Of the 75 patients with hemophilia A in our series, 13.3% (n=10) had CNS (n=5) or PNS disorders (n=5) due to bleeding ([Tables 1] and [2], and [Figures 1] and [2]). One of the patients with PNS disorders suffered from bilateral lesions of the femoral nerve, acquired at different times, raising the number of PNS events to six. Therefore, the prevalence of either CNS or PNS disorders was 6.7%. There were no bleeding or complications related to electromyography exams. Patients with CNS disease (intracranial bleeding) had their neurological events at a significantly earlier age than patients with PNS disorders: 12.6±6.4 versus 32.5±5 years (p<0.05). The group formed by patients with all types of neurological disorders (CNS and PNS) is older than the patients without neurological disorders: 31.7±11.5 versus 21.3±14.28 (p<0.05). Of all patients with neurological complications, nine had severe hemophilia A and one had a moderate form. Four out of five CNS lesions and four out of six PNS lesions had a history of trauma. Positive HIV serology and presence of factor VIII inhibitor occurred only in one case of CNS and PNS, respectively.

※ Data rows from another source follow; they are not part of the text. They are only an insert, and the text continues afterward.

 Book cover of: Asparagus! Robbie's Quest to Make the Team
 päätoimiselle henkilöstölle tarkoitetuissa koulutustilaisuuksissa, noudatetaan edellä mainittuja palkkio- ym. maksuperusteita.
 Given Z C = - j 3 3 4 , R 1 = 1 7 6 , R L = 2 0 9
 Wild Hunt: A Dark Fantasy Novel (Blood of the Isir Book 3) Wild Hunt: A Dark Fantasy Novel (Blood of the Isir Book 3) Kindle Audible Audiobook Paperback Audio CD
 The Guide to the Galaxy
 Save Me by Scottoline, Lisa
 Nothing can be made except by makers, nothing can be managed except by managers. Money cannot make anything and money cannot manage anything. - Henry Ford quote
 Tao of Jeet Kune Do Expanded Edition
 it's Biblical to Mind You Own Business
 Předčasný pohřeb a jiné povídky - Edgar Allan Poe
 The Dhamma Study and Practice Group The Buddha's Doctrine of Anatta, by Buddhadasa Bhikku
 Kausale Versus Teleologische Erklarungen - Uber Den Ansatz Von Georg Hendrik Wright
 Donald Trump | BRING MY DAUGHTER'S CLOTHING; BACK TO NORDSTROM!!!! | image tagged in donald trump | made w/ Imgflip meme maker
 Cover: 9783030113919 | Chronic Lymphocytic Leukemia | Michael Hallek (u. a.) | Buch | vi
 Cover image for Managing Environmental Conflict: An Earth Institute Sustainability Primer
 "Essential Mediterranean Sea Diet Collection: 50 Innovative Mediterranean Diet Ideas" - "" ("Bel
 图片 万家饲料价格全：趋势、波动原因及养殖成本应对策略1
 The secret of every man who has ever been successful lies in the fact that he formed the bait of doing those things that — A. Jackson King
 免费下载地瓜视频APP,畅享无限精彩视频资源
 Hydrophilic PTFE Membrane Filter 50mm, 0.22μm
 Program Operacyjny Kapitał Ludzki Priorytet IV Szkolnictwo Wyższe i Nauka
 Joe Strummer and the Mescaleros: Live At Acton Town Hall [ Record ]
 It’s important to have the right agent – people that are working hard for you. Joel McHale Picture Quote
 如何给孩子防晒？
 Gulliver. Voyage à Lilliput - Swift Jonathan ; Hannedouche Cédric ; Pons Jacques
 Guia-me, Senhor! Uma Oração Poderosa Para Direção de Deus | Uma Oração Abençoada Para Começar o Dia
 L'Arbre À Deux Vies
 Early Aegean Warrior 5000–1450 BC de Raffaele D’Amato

aage of neurological evaluation; bage of onset of the CNS disease; ctreatment during acute phase; #patient number; FVIII: factor VIII; ICH: intracerebral hemorrhage; repl: replacement; R: right; L: left.
aAge of neurological evaluation; bage of onset of the PNS disease; caffected nerve; dtreatment during acute phase; HPT: hemophilic pseudotumor ; EMG: Electromyography; SNAP: sensory action nerve potential; #: patient number; ø: absent; FVIII: Factor VIII; Bil: bilateral; IP: iliopsoas; KJ: knee jerk; R: right; L: left; repl: replacement.
As can be seen in [Table 1] and [Figure 1], three patients had subdural hematoma, one intracerebral hemorrhage, and one subarachnoid hemorrhage. Overall, the outcome of those conditions was good, although one patient underwent intracerebral hemorrhage drainage (patient #3) and three were left with epilepsy or behavior disorders.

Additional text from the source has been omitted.